TASK OBJECTIVE>
Return the line containing "280 ml Paper Cup Manufacturer in India" and every line beneath it through the end of the entries below, unchanged. Pictures stay out.
——
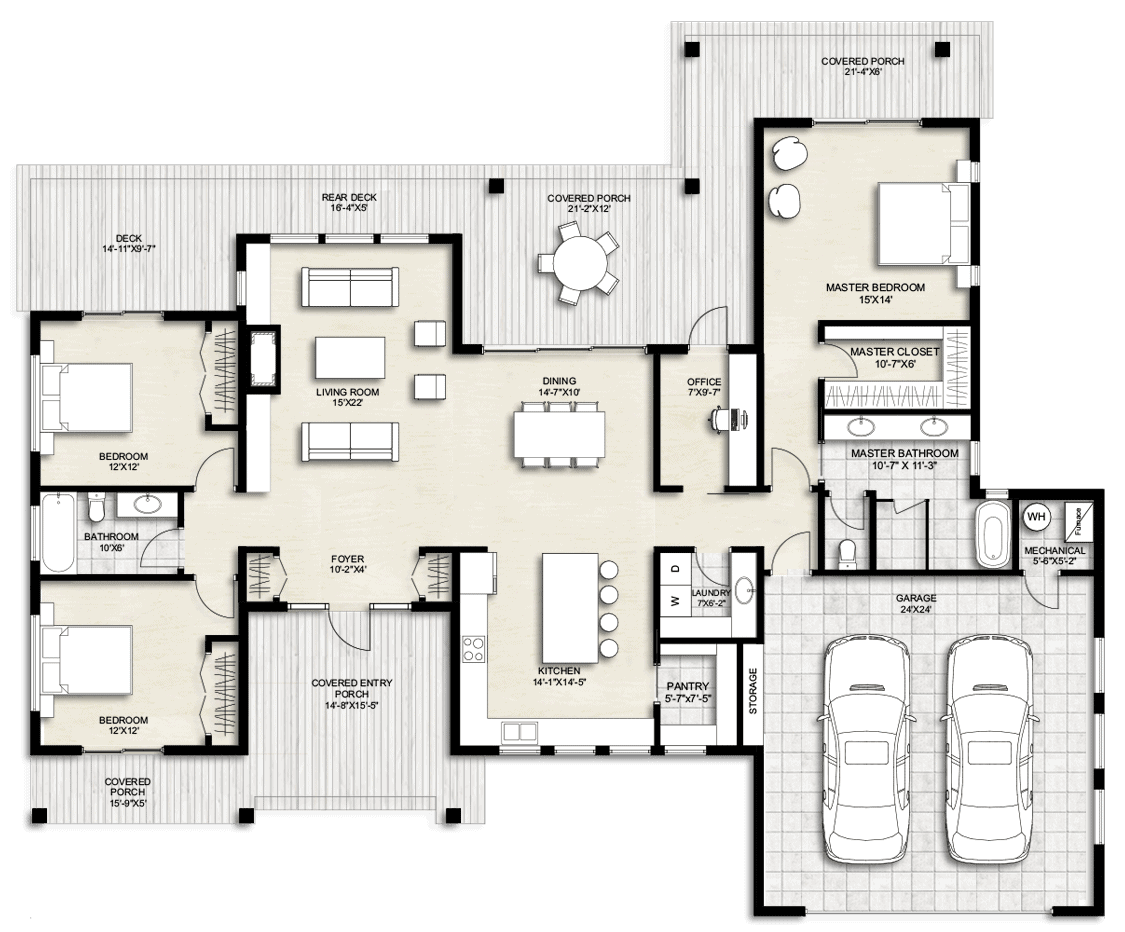 Truoba 622 Modern Mid Century House Plan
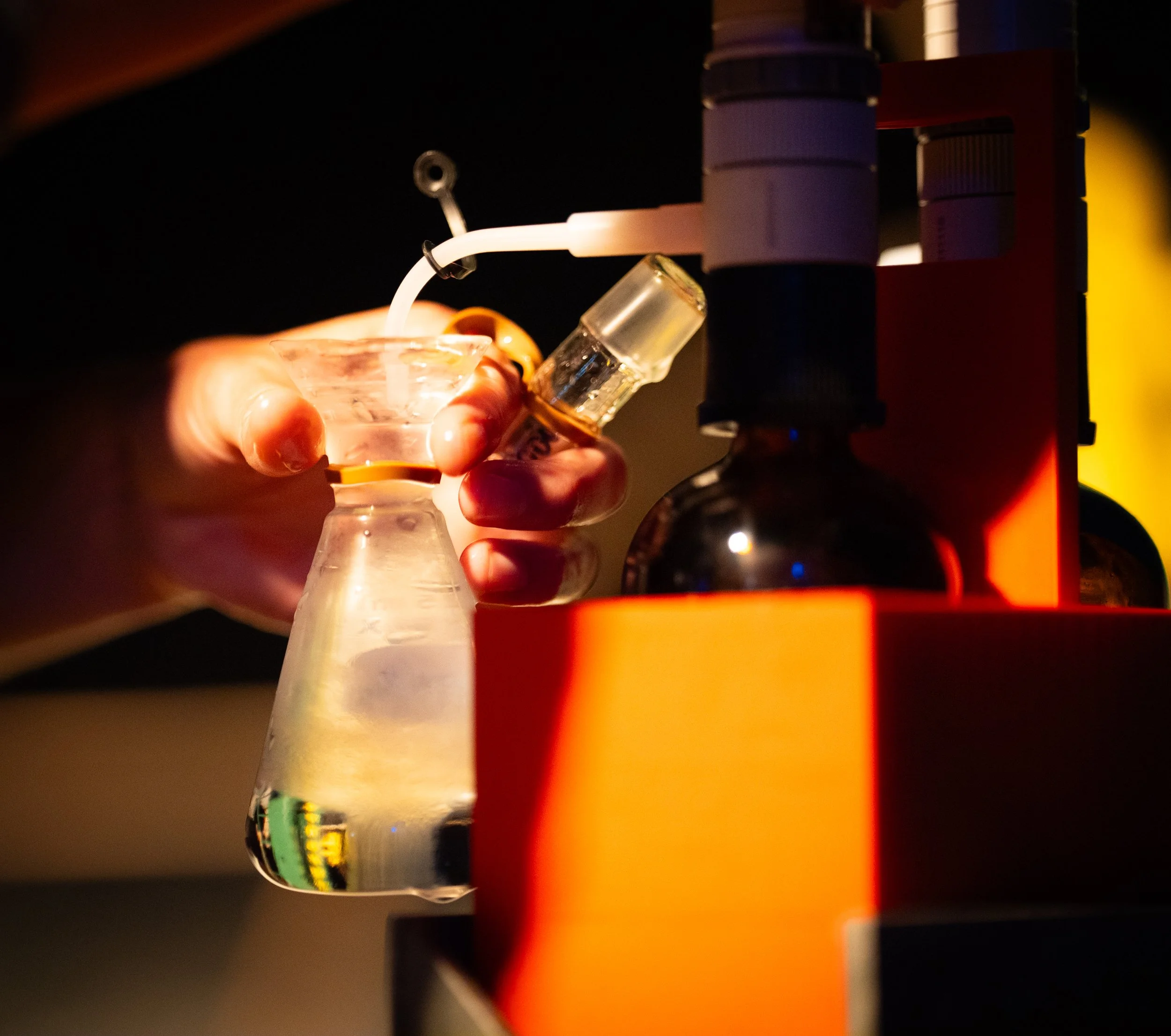 Water samples collected at sea are transported to a laboratory in Miami for analysis as part of ongoing research on the Florida Current.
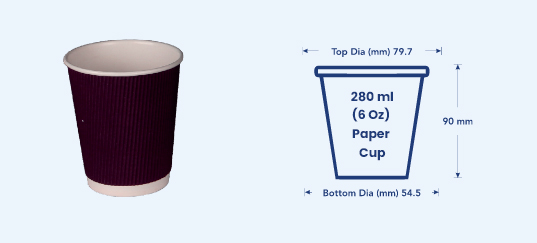 280 ml Paper Cup Manufacturer in India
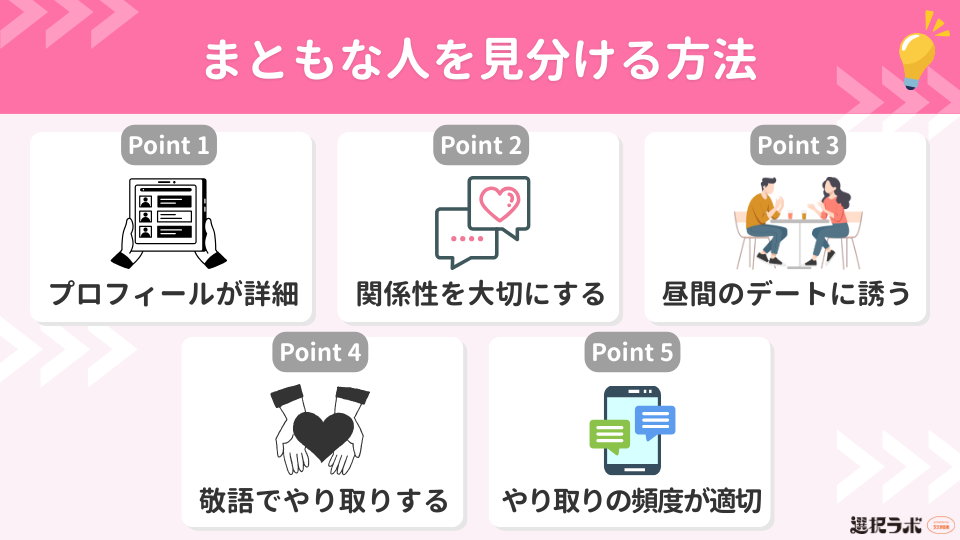 マッチングアプリは「やめとけ」と言われる中でまともな人を見分ける方法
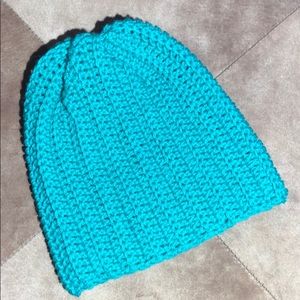 Winter beanie hat bright teal ski hat New hand crochet by me
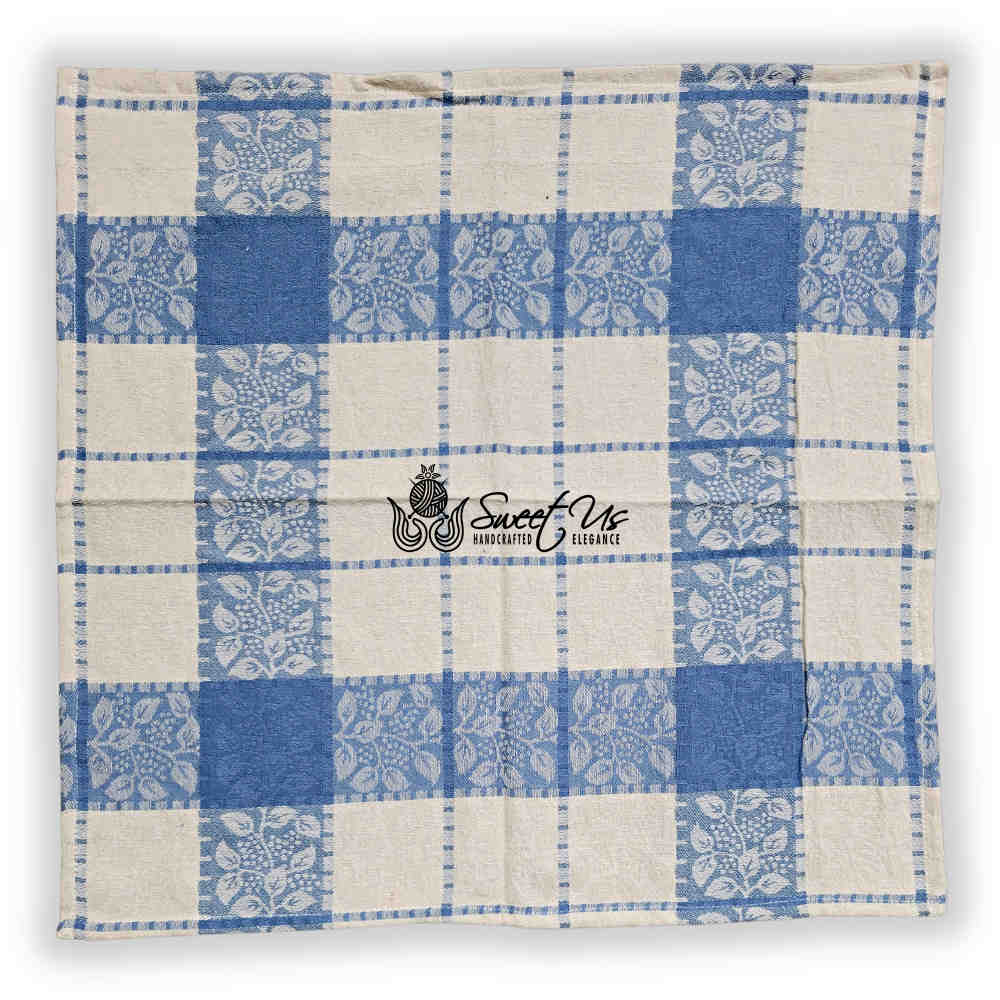 Jacquard Berry Vine Cotton Floral Tablecloth Collection, Oceanic Haze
——
SOLUTION BELOW>
 280 ml Paper Cup Manufacturer in India
 マッチングアプリは「やめとけ」と言われる中でまともな人を見分ける方法
 Winter beanie hat bright teal ski hat New hand crochet by me
 Jacquard Berry Vine Cotton Floral Tablecloth Collection, Oceanic Haze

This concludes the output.